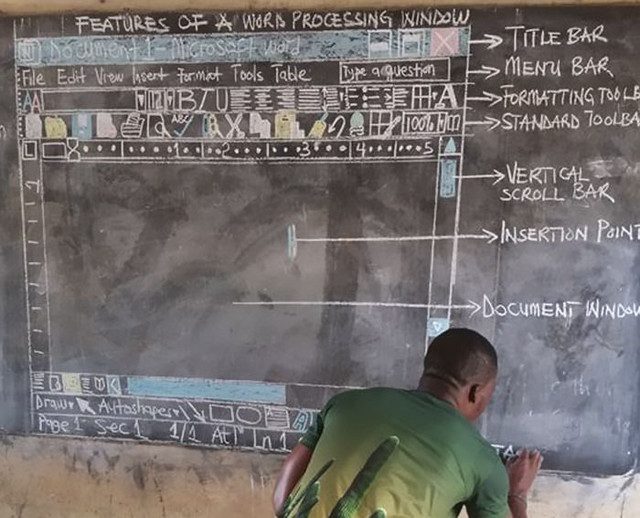 Негр из Ганы учит детей MS Word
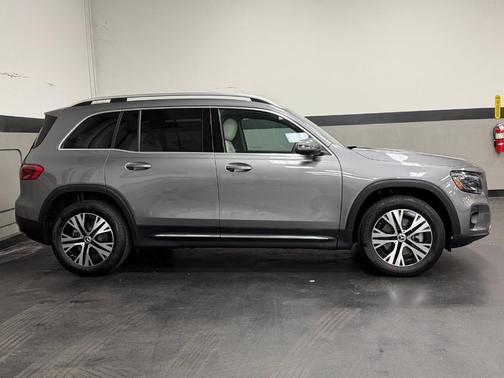 2026 Mercedes-Benz GLB 250 Base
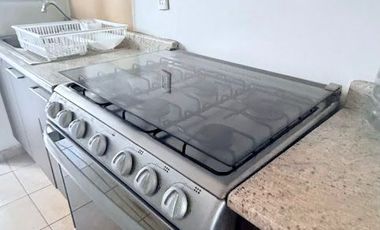 RENTA DE CASA AMUEBLADA EN HACIENDA VIÑEDOS 3 RECAMARAS CADA UNA CON BAÑO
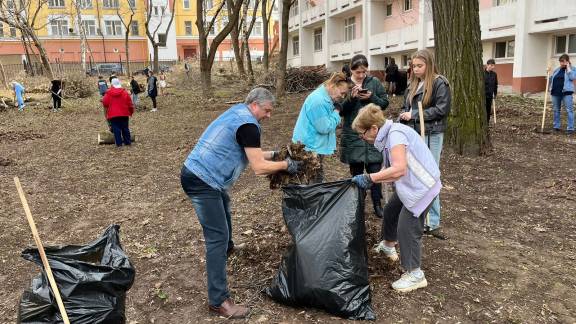 11 апреля 2024 года член Совета РВИО в Нижегородской области Лешков Николай Иванович организовал очередной субботник на территории госпиталя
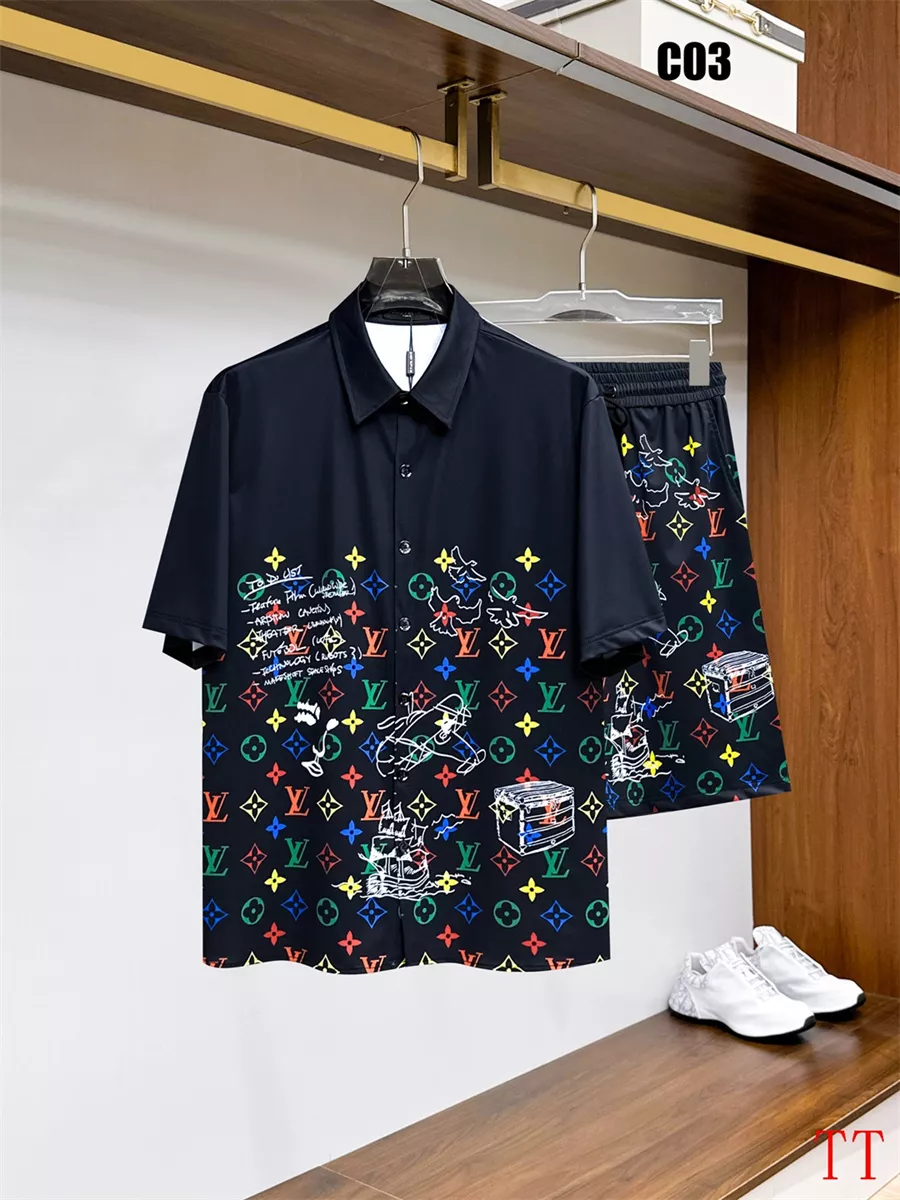 Louis Vuitton LV Tracksuits Short Sleeved For Men Breathable 7420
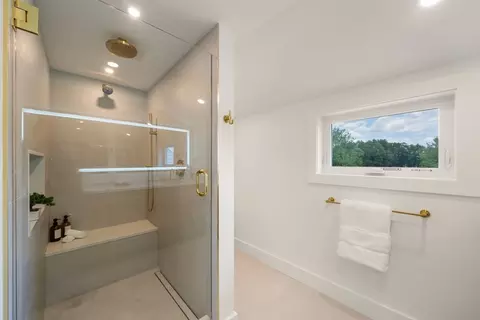 Bath - 63 Main St, Dover, MA 02030 photo 4 of 6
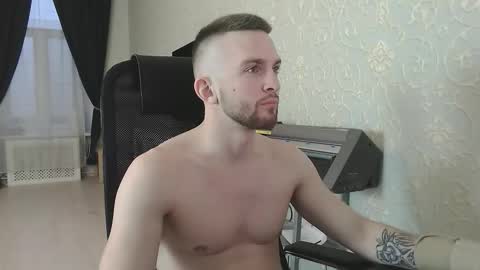 Snapshot of marselle_looker chatting on 11.30.25 Marselle online show from 11.30.25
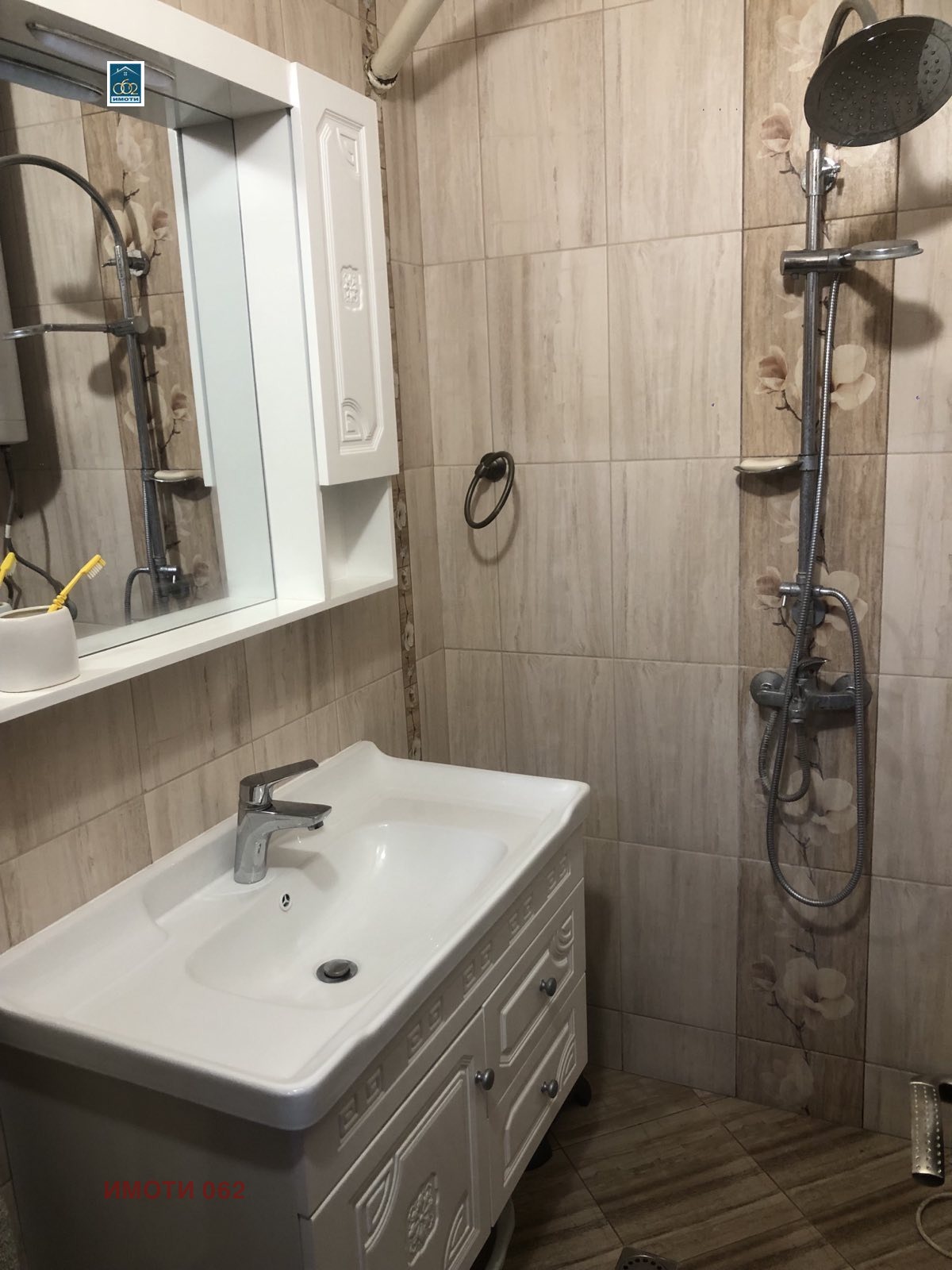 Продава 3-СТАЕН, гр. Велико Търново, Колю Фичето, снимка 4 - Апартаменти - 54925097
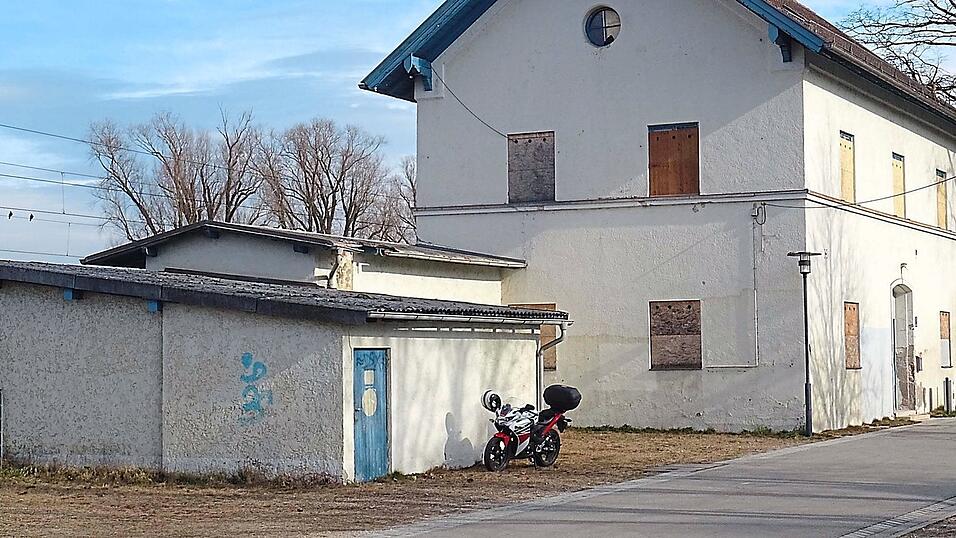 Der alte Bahnhof in Langenbach befindet sich in einem Dornr&ouml;schenschlaf. Die Architektenleistungen f&uuml;r einen Umbau sollen ausgeschrieben werden, damit hier ein Caf&eacute; samt B&auml;ckerei untergebracht werden kann.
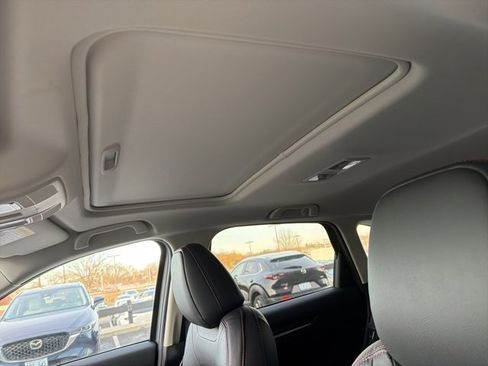 New 2025 MAZDA CX-5 Carbon Edition image 11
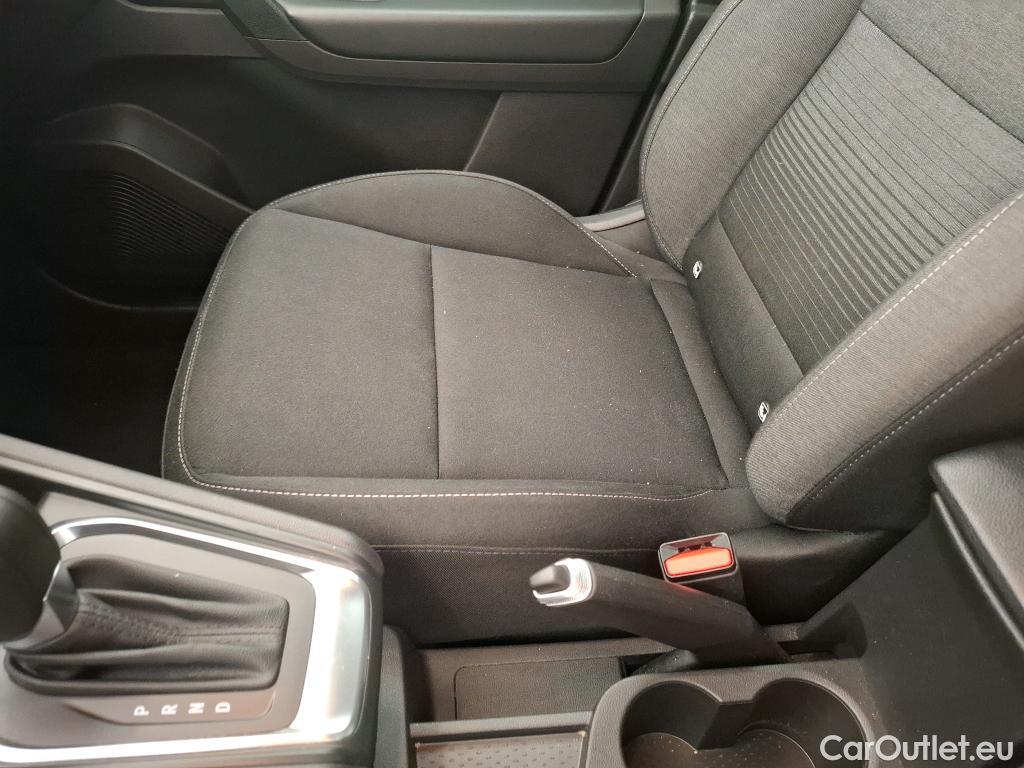  Renault  Captur  II Business 1.3 TCe 140CV BVA7 E6d #26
···
◆ **Instructions to follow**
Begin with the line holding "New 2025 MAZDA CX-5 Carbon Edition image 11" and end with the last line of the listing. Reproduce each of those lines exactly, and leave every picture out.

◆ **Your response**
 New 2025 MAZDA CX-5 Carbon Edition image 11
  Renault  Captur  II Business 1.3 TCe 140CV BVA7 E6d #26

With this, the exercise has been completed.